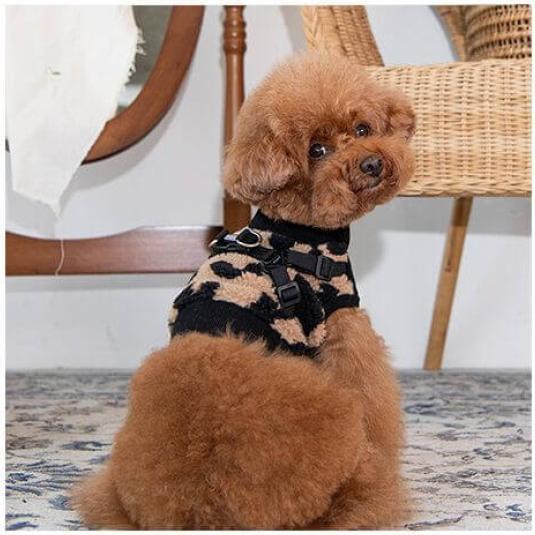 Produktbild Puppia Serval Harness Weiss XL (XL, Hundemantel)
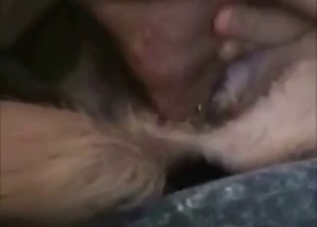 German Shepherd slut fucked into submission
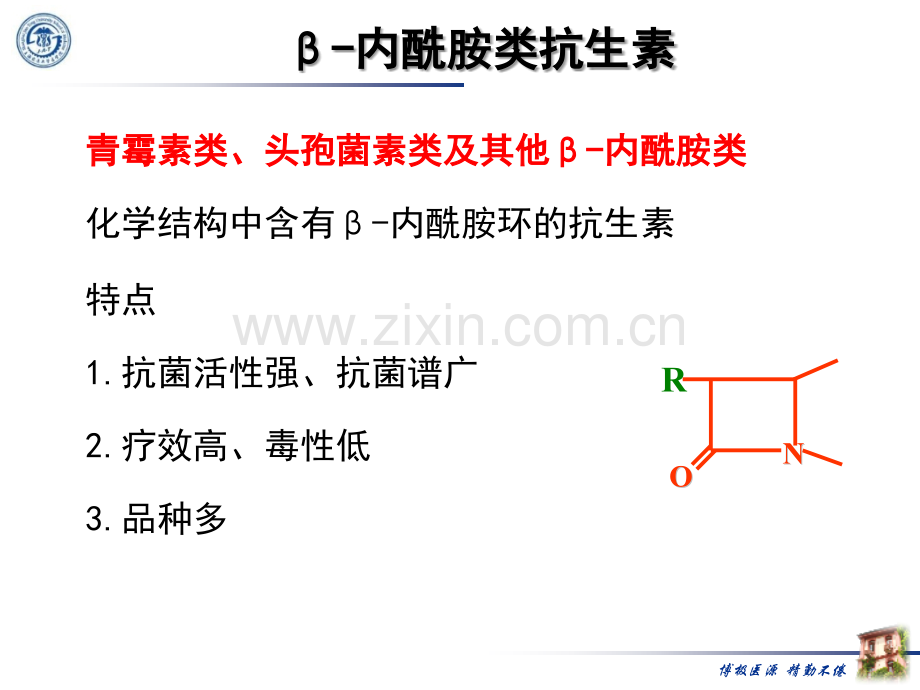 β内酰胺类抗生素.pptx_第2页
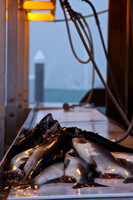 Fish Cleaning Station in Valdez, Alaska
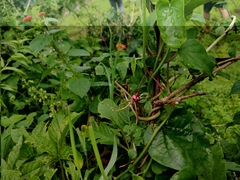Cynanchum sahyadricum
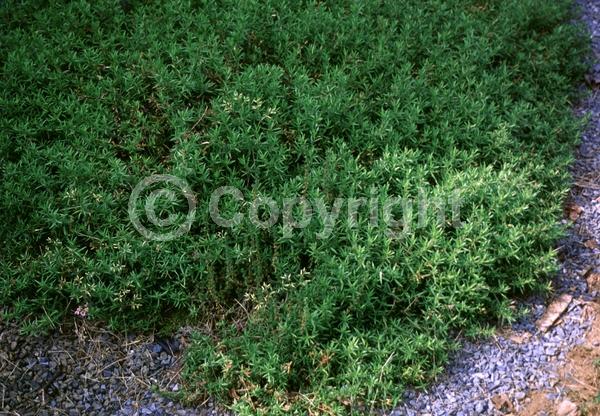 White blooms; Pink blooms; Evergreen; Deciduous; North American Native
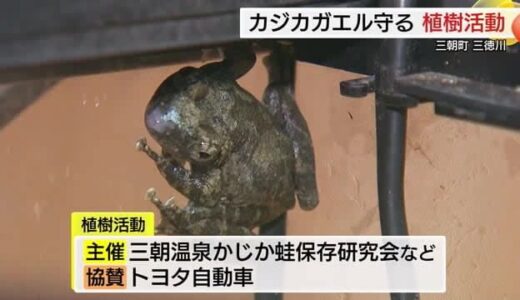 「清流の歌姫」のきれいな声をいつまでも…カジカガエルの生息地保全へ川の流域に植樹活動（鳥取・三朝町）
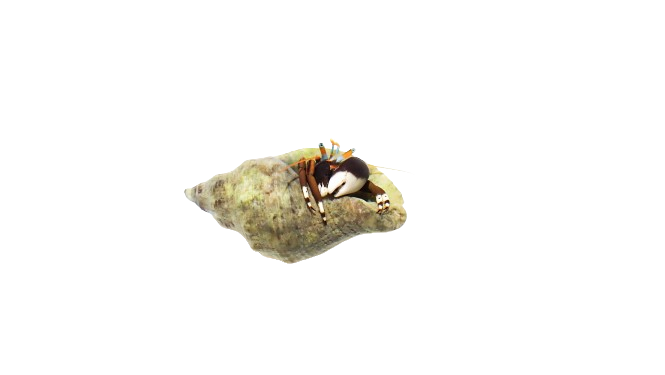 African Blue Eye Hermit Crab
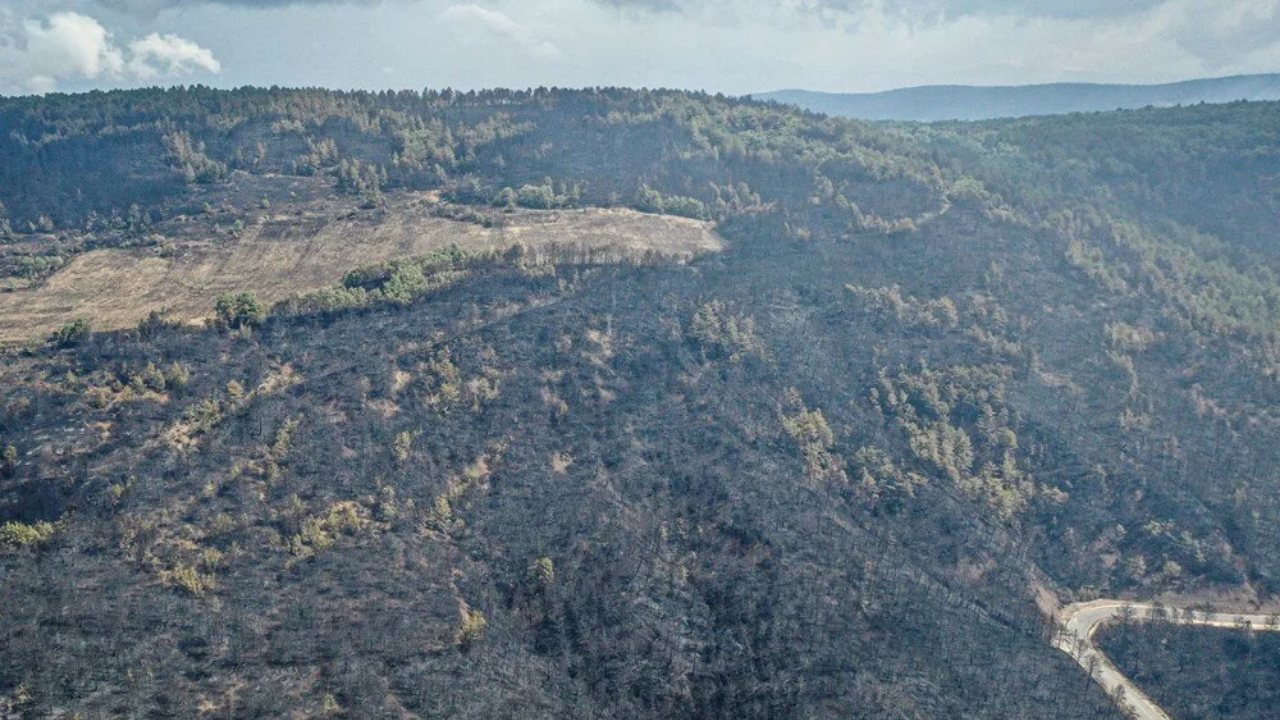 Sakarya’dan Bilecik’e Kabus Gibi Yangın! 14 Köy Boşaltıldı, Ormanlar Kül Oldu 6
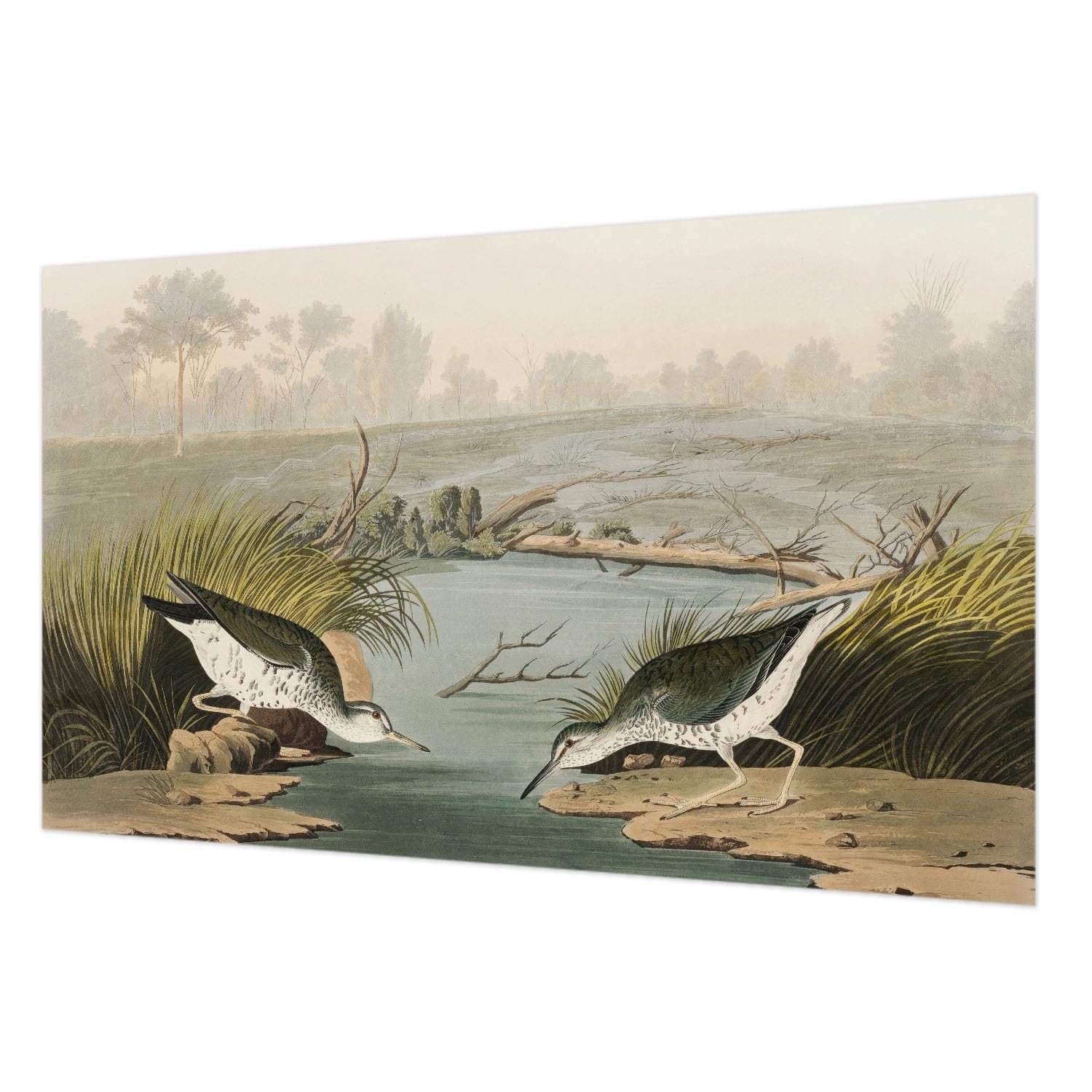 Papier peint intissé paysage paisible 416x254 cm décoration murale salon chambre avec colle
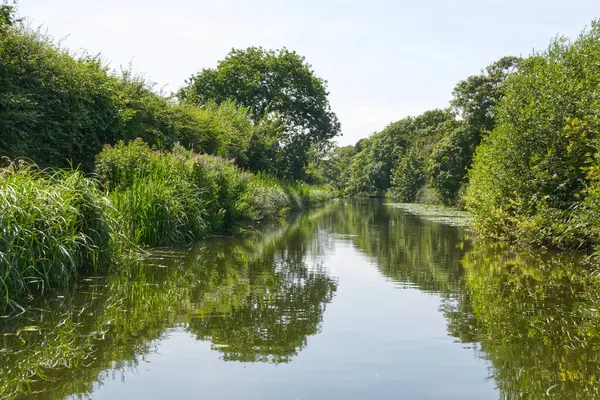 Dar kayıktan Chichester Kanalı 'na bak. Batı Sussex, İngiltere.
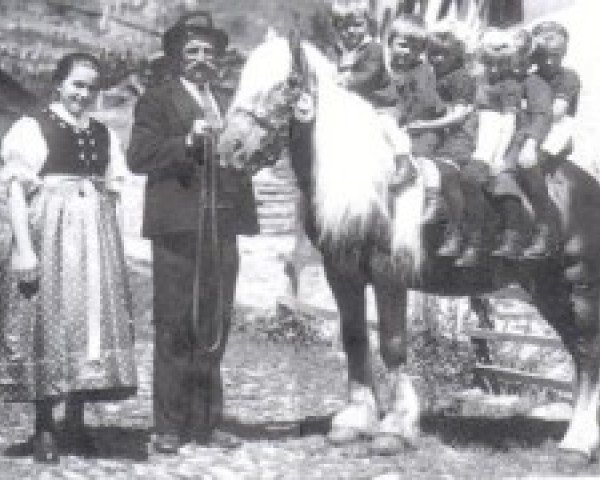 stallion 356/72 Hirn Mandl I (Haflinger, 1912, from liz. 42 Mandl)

====================

__Task statement__. Write out the material exactly, excluding pictures.

__Exercise output__.
 Produktbild Puppia Serval Harness Weiss XL (XL, Hundemantel)
 German Shepherd slut fucked into submission
 β内酰胺类抗生素.pptx_第2页
 Fish Cleaning Station in Valdez, Alaska
Cynanchum sahyadricum
 White blooms; Pink blooms; Evergreen; Deciduous; North American Native
 「清流の歌姫」のきれいな声をいつまでも…カジカガエルの生息地保全へ川の流域に植樹活動（鳥取・三朝町）
 African Blue Eye Hermit Crab
 Sakarya’dan Bilecik’e Kabus Gibi Yangın! 14 Köy Boşaltıldı, Ormanlar Kül Oldu 6
 Papier peint intissé paysage paisible 416x254 cm décoration murale salon chambre avec colle
 Dar kayıktan Chichester Kanalı 'na bak. Batı Sussex, İngiltere.
 stallion 356/72 Hirn Mandl I (Haflinger, 1912, from liz. 42 Mandl)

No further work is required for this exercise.